Il mercato europeo della distribuzione di componenti elettronici torna a crescere con decisione nel primo trimestre 2026. Secondo i dati diffusi da DMASS Europe, il comparto ha raggiunto un valore complessivo di 4,63 miliardi di euro, segnando un incremento del +16,9% rispetto a Q1 2025.
La crescita coinvolge sia i semiconduttori, saliti a 2,84 miliardi di euro (+18,2%), sia il segmento IP&E – Interconnect, Passive & Electromechanical – che raggiunge 1,79 miliardi di euro (+14,8%).
Tuttavia, dietro ai numeri positivi emergono segnali di forte instabilità: tensioni geopolitiche, volatilità, pressioni sulla supply chain e una crescente dipendenza europea dalle dinamiche globali legate all’intelligenza artificiale.
Italia tra i mercati europei più dinamici
L’Italia si conferma uno dei mercati più performanti d’Europa, con Semiconduttori a +22,8% e IP&E a +13,1%. La crescita complessiva del mercato elettronico italiano stata di +18,8%.
Performance superiori alla media europea anche per Germania (+18,5%), Nordics (+19,8%), Benelux (+21%) e Austria (+22,4%).
Secondo DMASS, il recupero europeo è trainato principalmente dalla domanda industriale e dall’automazione, mentre il comparto automotive continua a mostrare una ripresa più lenta e prudente.
Memorie protagoniste: +107,9%
Il dato più rilevante del trimestre riguarda il segmento delle Memorie, che cresce del +107,9%. E non è certo una sorpresa dato che ne parlano tutti.
La domanda globale legata ai sistemi AI – in particolare per memorie HBM (High Bandwidth Memory) – sta assorbendo enormi capacità produttive, generando però colli di bottiglia produttivi, aumento dei prezzi e in generale una maggiore pressione sulla disponibilità dei componenti.
Una dinamica che inizia ad avere effetti visibili anche sul mercato europeo della distribuzione.
Più moderata invece la crescita dei segmenti tradizionalmente legati all’industria europea:
- Analogici: +10,1%
- Power: +2,3%
- Programmable Logic: -5,3%
- Standard Logic: -1,7%
Europa ancora distante dal ciclo AI di USA e Cina
Mentre Stati Uniti e Cina stanno vivendo una forte accelerazione trainata dagli investimenti AI, l’Europa continua a dipendere prevalentemente da applicazioni industriali tradizionali, con una crescita più stabile ma anche più esposta agli shock esterni.

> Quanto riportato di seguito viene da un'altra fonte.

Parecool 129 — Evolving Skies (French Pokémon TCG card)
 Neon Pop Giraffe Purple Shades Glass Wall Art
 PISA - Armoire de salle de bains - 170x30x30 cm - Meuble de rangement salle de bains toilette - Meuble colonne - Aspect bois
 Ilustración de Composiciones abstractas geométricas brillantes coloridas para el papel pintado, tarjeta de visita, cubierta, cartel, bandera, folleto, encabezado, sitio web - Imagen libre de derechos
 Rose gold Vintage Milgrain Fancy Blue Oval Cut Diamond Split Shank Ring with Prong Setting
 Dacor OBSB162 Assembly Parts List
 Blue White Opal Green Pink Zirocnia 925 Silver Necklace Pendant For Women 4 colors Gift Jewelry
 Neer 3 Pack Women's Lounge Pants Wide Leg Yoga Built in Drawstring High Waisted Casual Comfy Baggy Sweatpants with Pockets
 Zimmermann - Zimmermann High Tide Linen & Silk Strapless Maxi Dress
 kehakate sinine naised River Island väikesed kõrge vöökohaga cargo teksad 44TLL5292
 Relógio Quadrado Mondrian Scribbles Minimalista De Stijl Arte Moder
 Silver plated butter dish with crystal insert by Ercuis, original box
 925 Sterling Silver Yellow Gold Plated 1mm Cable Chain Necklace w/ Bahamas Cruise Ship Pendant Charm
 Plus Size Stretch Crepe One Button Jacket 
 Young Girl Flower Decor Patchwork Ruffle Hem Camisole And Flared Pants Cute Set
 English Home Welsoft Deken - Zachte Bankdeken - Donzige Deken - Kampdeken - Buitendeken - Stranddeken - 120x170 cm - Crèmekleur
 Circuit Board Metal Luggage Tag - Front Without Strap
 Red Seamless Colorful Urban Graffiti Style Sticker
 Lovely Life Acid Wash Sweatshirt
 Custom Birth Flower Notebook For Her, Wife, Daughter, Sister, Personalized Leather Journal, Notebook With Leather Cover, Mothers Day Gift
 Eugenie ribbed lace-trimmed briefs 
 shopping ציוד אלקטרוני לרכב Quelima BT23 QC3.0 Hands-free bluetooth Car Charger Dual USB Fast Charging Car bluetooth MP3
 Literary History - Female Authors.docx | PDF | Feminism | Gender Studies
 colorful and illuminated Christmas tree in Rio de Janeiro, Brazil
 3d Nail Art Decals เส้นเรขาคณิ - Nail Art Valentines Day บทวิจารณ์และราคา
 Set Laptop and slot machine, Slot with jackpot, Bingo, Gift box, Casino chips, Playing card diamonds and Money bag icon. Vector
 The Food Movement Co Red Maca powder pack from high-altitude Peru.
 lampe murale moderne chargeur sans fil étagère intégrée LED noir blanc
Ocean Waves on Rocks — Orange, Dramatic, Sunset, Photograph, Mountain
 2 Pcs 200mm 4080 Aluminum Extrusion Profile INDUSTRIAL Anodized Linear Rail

“Il mercato europeo sta crescendo, ma su fondamenta fragili”, sottolinea il CEO di DMASS. “La sfida sarà mantenere questo slancio rafforzando la resilienza dell’intera catena del valore.”
Nel report emerge chiaramente come il contesto resti estremamente delicato: costi energetici, fragilità logistiche, dipendenza dalle catene globali, tensioni geopolitiche e la concentrazione della capacità produttiva AI fuori dall’Europa sono infatti fattori difficili da contrastare.
Un mercato in ripresa, ma ancora vulnerabile
Il Q1 2026 conferma quindi un ritorno alla crescita per il mercato europeo dell’elettronica, sostenuto soprattutto dall’industria e dalla domanda legata all’automazione. Ma il quadro resta eterogeneo e fortemente influenzato da fattori esterni.